For the first time in years, someone is building a web browser from scratch:
For more than two decades, building a new web browser from scratch has been practically unheard of. But a small company called Ekioh has its reasons.
The Cambridge, U.K.-based company is developing a browser called Flow, and unlike the vast majority of browsers that have arrived in recent years, it's not based on Google's Chromium or Apple's WebKit open-source code. Instead, Flow is starting with a blank slate and building its own rendering engine. Its goal is to make web-based apps run smoothly even on cheap microcomputers such as the Raspberry Pi.

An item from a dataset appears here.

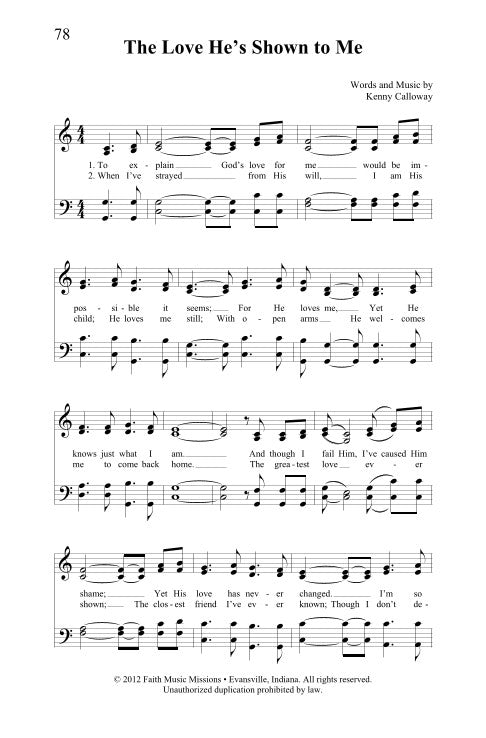The Love He's Shown to Me - SATB — Faith Music Missions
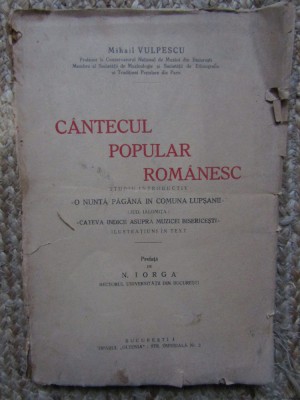 CANTECUL POPULAR ROMANESC - MIHAIL VULPESCU 1930 foto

There's a reason companies don't do this anymore: Experts say building new browsers isn't worth the trouble when anyone can just modify the work that Apple and Google are doing. But if Flow succeeds, it could rethink the way we browse the web and open the door to cheaper gadgets. That at least seems like a goal worth pursuing.

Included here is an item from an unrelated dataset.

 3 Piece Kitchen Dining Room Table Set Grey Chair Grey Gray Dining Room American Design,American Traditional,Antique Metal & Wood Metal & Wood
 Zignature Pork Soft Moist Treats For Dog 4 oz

"It's a huge task, but if you want something which is very small and very fast, you typically can't start with one of the other engines," says Stephen Reeder, Ekioh's commercial director.
(Score: 3, Insightful) by Anonymous Coward on Wednesday March 17 2021, @06:12PM
I think it's largely unintentional. The constant focus on the latest new shiny while leaving last week's products to rot appears to be an endemic cultural problem at Google. The proliferation of web "living standards" and whatnot is just the natural result when you have this attitude.
"What do you mean someone is not be running the latest software just released 10 minutes ago? Acceptance testing? What's that? Why don't you just constantly rewrite all your critical infrastructure to use the latest and greatest features? That old stuff is no fun, new stuff is fun, you should be using new stuff, oh and BTW we're gonna disable the old API in 3 days because we came up with a new interface yesterday which changes one function name because we like how "fluffydog" sounds better than "fuzzycat" and it's too much effort to maintain both."